Foi o que aconteceu no dia seguinte. A cirurgia foi satisfatória e a uretra desobstruída. Porém, a médica responsável pela operação recomendou que os pais procurassem com urgência um nefrologista, pois, segundo ela, havia muitas pedras na bexiga do menino. Algo que nunca tinha visto. Os exames apontaram que o caso dele poderia ser de extrema gravidade. Esse episódio foi o início do calvário da família de Matheus, que nos meses seguintes percorreu incansavelmente clínicas e hospitais em busca de respostas que levassem à cura do filho.
DOENÇA RARA
Em outra etapa, ele foi transferido para um Hospital em Florianópolis, quando começou a investigação para descobrir as causas de tantos cálculos renais. Havia suspeita de Hiperoxalúria primária, o que na linguagem médica significa uma doença genética, que é um erro inato do metabolismo. Segundo o nefropediatra, Dr. Arthur Ricardo Wendausen, que trata do Matheus em Joinville, “a doença vai impregnando determinados órgãos, como o figado e rim, por um metabólito. É rara e de difícil diagnóstico. Na maioria dos casos acaba evoluindo para óbito”, define o médico. .

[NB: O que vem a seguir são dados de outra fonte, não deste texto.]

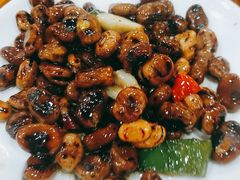 -食全酒美驴肉馆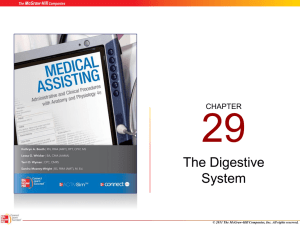 The Digestive System - McGraw Hill Higher Education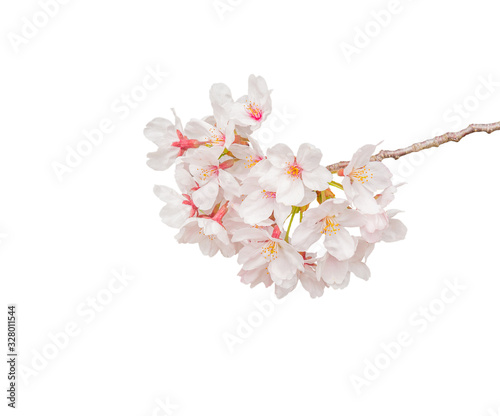 Beautiful pink cherry blossom isolated on white background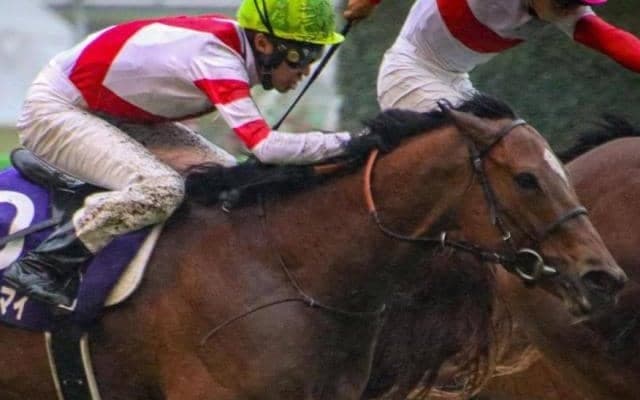 昨年“5億円レース”勝利の実績馬 武豊騎手とキーンランドCで1年3か月ぶりの国内出走へ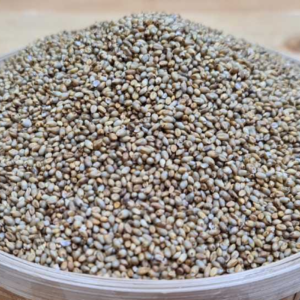Country pearl millet Country pearl millet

A médica que atendeu Matheus em Florianópolis revelou que, se confirmada a suspeita, ele só teria 5% de chance de viver e que não havia muito a fazer. A família era leiga no assunto, estava abalada e não sabia mais a quem recorrer. Naquele período, Matheus começou a fazer diálise peritoneal e teve melhora considerável. Ao tomar conhecimento do estado do garoto, um amigo da família, (irmão da secretária de um reconhecido médico especialista), aconselhou o pai do menino a procurar este médico no Hospital Albert Einstein, em São Paulo.
ANGÚSTIA E ESPERANÇA
A partir daí, angústia e esperança se misturam. Cerca de 30 dias depois, a consulta foi marcada. Porém, outra barreira: os exames teriam de ser feitos nos Estados Unidos, mas o material poderia ser coletado no Brasil. Matheus já estava muito debilitado. Além dos órgãos, essa doença degenerativa afeta os movimentos. Naquele período ele não conseguia mais andar. Segundo avaliação médica, o avanço da doença causaria cegueira, dores insuportáveis nas articulações e dificuldade para circulação do sangue. Ou seja, restaria pouco tempo de vida ao Matheus.

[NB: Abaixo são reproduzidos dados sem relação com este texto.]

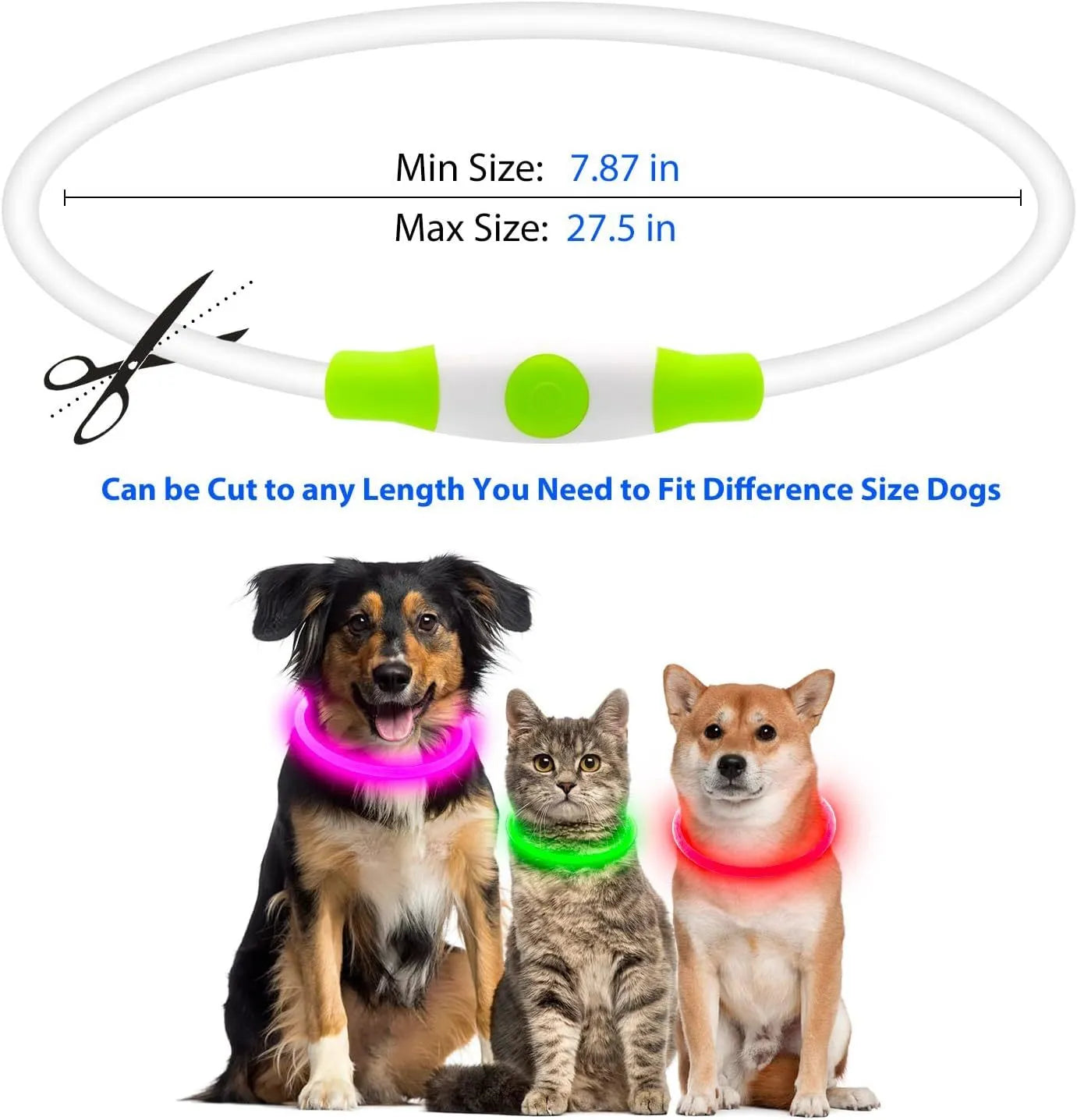 Blue USB rechargeable LED dog collar glowing with adjustable strap and USB charging port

O tempo corria contra, mas os exames chegaram a tempo dos Estados Unidos e confirmaram a suspeita: Hiperoxalúria primária. O próximo passo, urgente e fundamental, seria a realização de um transplante de fígado, o que aconteceu em 22 de outubro de 2018. O doador foi o pai, então com 48 anos. Ele teve retirado 290 gramas do seu fígado e transplantado no pequeno Matheus. Em poucos dias a vida começava a reagir de forma surpreendente e rápida. Ele voltou a ser o menino falante, ativo e alegre de sempre.
VIDA NORMAL
Agora, na hemodiálise, a grande espera é pelo transplante do rim, que vai ser doado pela mãe e assim garantir a recuperação completa da sua saúde para que ele tenha um crescimento saudável. Segundo o médico, Dr. Arthur, o futuro do menino é promissor. “Com este transplante duplo (fígado e rim), mantendo o tratamento como todos os outros transplantados, por imunosupressores, prevenção de doenças infecciosas, ele vai levar uma vida normal, frequentar a escola, praticar atividade física como nadar, ir à praia. Enfim, fazer tudo o que outro transplantado que está bem consegue fazer”, garante o médico.

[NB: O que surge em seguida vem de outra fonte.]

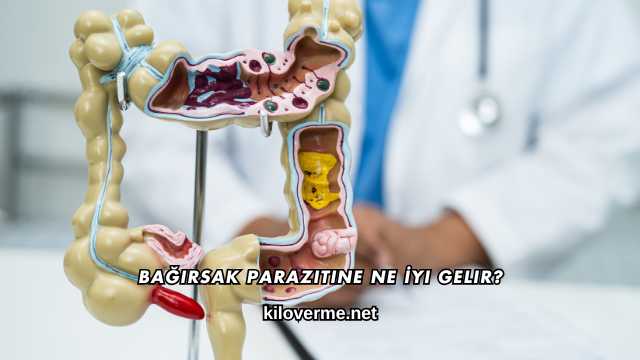 Bağırsak Parazitine Ne İyi Gelir?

Uma descoberta comovente ocorreu durante os exames de compatibilidade. Maria Salete ficou sabendo que tem um rim menor que o outro. Ela se emociona ao falar sobre isso: “a vida inteira eu carreguei um rim pequeno dentro de mim e só agora soube desse detalhe. Então compreendo que alguma divindade direcionou toda a minha vida para este momento. Ainda faltam alguns exames, mas acredito que vai dar tudo certo. Ou alguém duvida que essa anomalia rara do meu rim, faz parte de uma conspiração para salvar a vida do meu filho? Tudo isso que aconteceu com ele foi um milagre e eu estou fazendo parte de todo esse processo”, acredita a mãe.